BEGIN
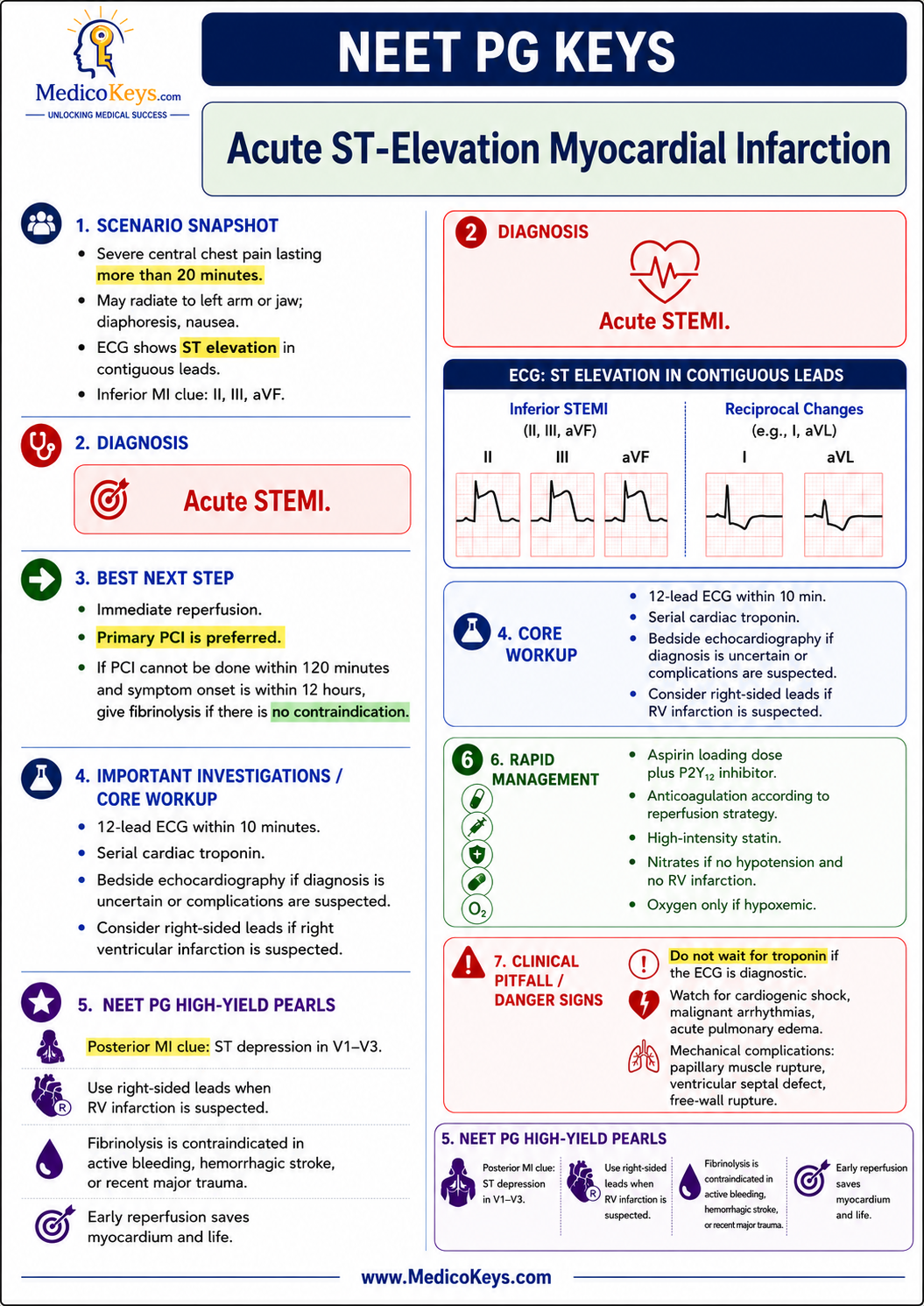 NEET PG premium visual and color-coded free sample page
END
BEGIN
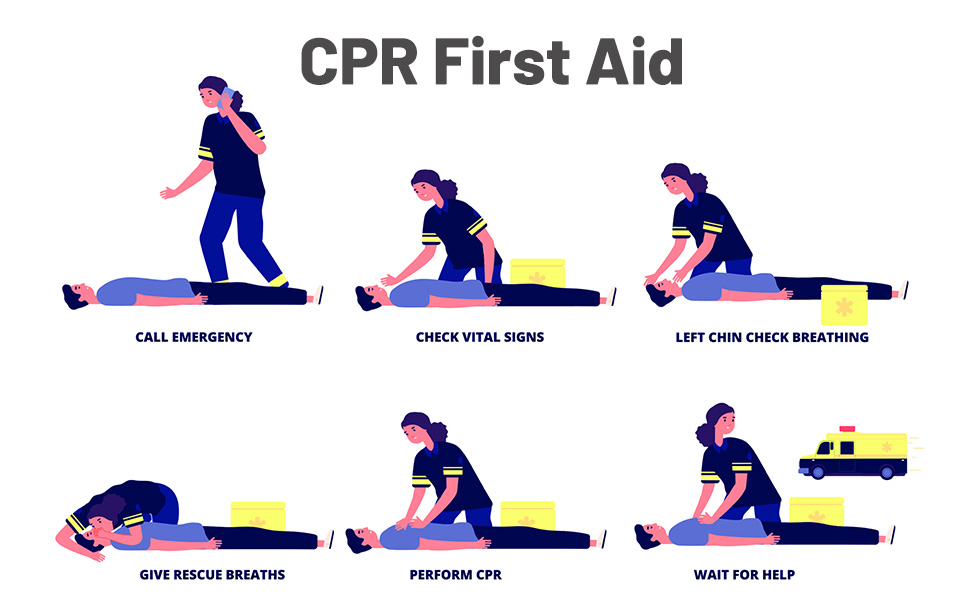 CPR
END
BEGIN
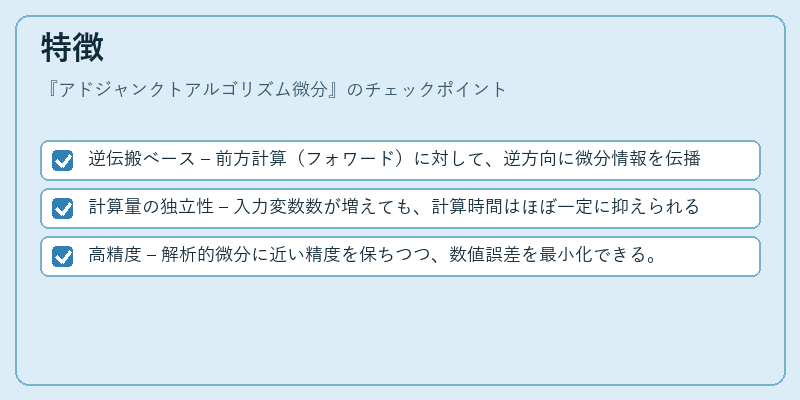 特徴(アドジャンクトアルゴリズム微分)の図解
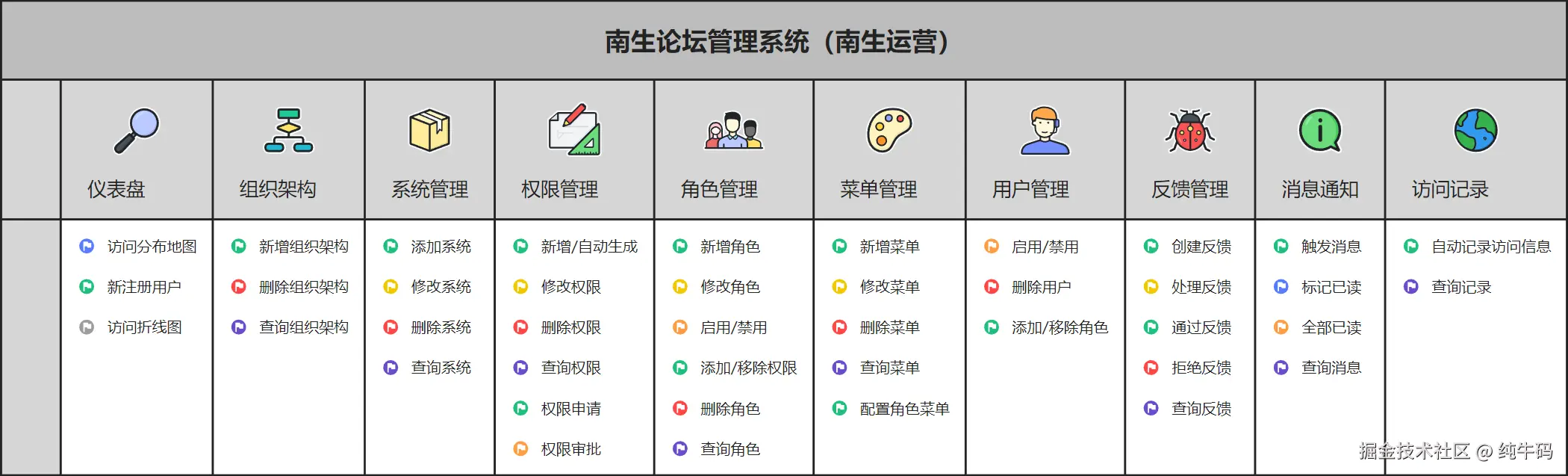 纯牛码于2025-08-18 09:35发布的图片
END
▶ [Activity]:
Once the line with "特徴(アドジャンクトアルゴリズム微分)の図解" is found above, print it and every line after it through the line with "纯牛码于2025-08-18 09:35发布的图片", exactly. Pictures stay out.

▶ [Response for this exercise]:
 特徴(アドジャンクトアルゴリズム微分)の図解
 纯牛码于2025-08-18 09:35发布的图片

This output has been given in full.